As explained by the CBOE.com website, the VIX “measures the level of expected volatility of the S&P 500 Index over the next 30 days that is implied in the bid/ask quotations of S&P options. Thus, the VIX is a forward-looking measure…“
So let’s be clear about this. The VIX does NOT measure what’s happening now or what just happened last week. Instead, it looks forward to determine expected volatility. High volatility is generally associated with falling equity prices and low volatility typically accompanies rising equity prices. As fear dissipates, expected volatility drops and bear markets end. That’s the historical formula.
Let’s start off by looking back to the financial crisis in 2008 and how the spiking VIX unfolded:
The VIX topped in October 2008 and, though the S&P 500 hit two lower price points, the bear market ran out of sellers, as fear came tumbling down in late 2008 and into the first quarter of 2009.
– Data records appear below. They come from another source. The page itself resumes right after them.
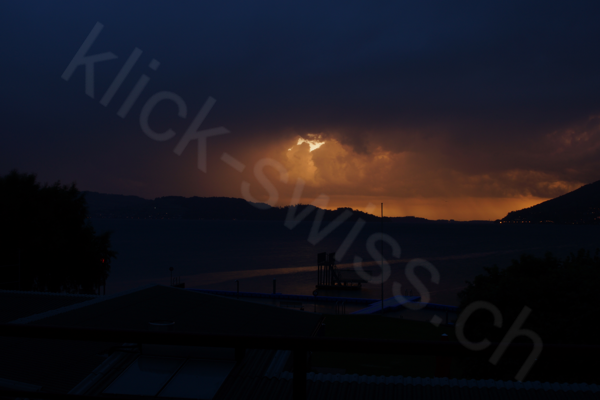 Sonnenuntergang am Zugersee in Arth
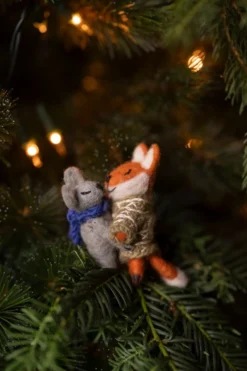 Kersthanger, knuffelende vos en muis, vilt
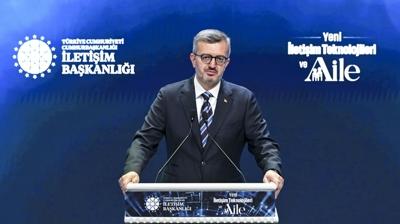�leti�im Ba�kan� Duran'dan 'aile' vurgusu: Nesillerin yeti�mesinde hayati bir �neme sahip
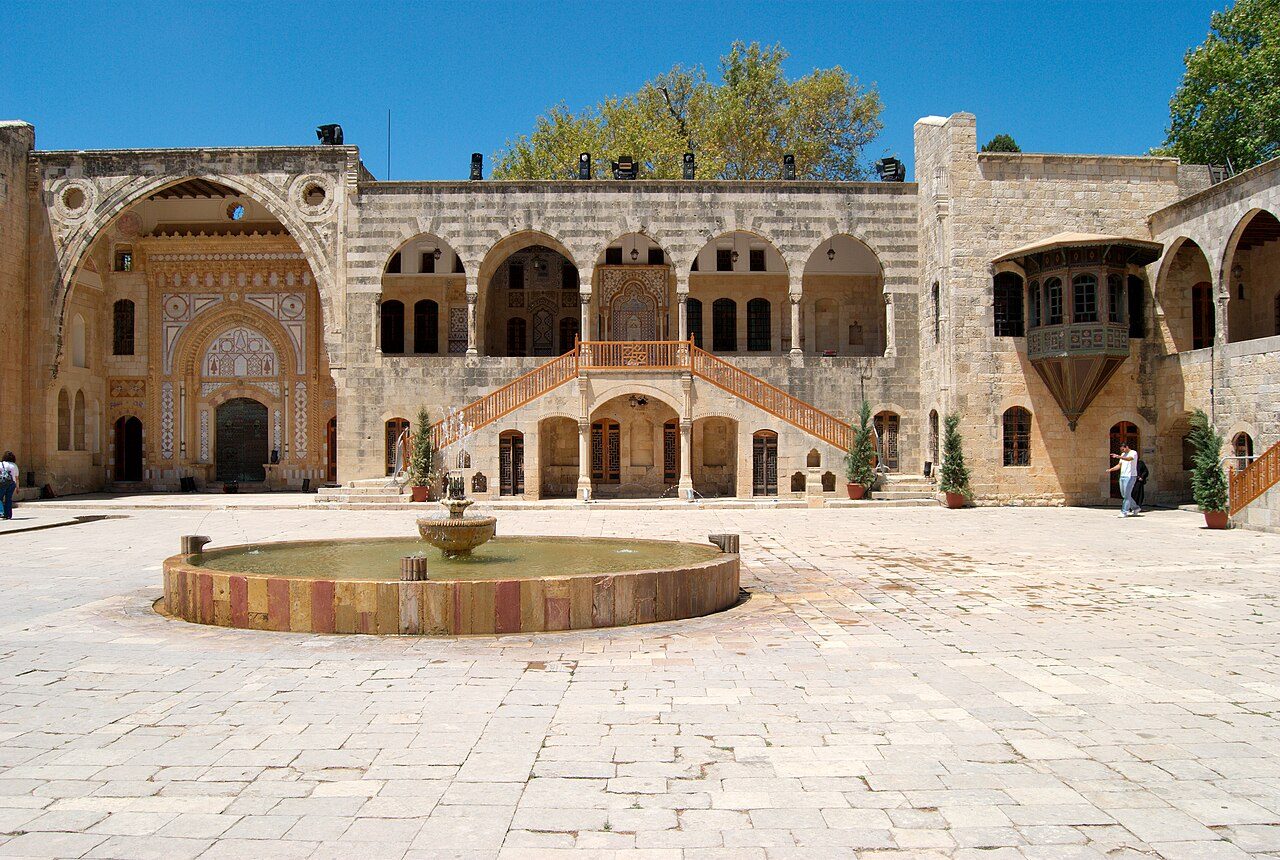 El palacio de Beiteddine, una de las mejores excursiones que ver cerca de Beirut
During the market turbulence in 2014-2016, we saw a somewhat similar pattern:
Q4 2018 was a very short cyclical bear market (less than 3 months), as was the pandemic-led selling in March 2020 (4 weeks), so there really wasn’t much time to evaluate the VIX at various low points, but currently we’re seeing a similar pattern in the cyclical bear market of 2022:
But the action on the VIX was really strange this week. The S&P 500 saw selling pressure once again, yet the VIX finished very close to a 3-week low. Check out this 1-month 30-minute chart:
From mid-day on Thursday through the early morning Friday, the S&P 500 fell from 3820 to 3750, and the VIX was dropping right along with it. That’s extremely unusual behavior. The VIX is looking ahead, and it’s pricing in less volatility. That suggests that we’re being given a signal of a rally ahead. That’s the reason the VIX goes down. Less volatility means higher equity prices.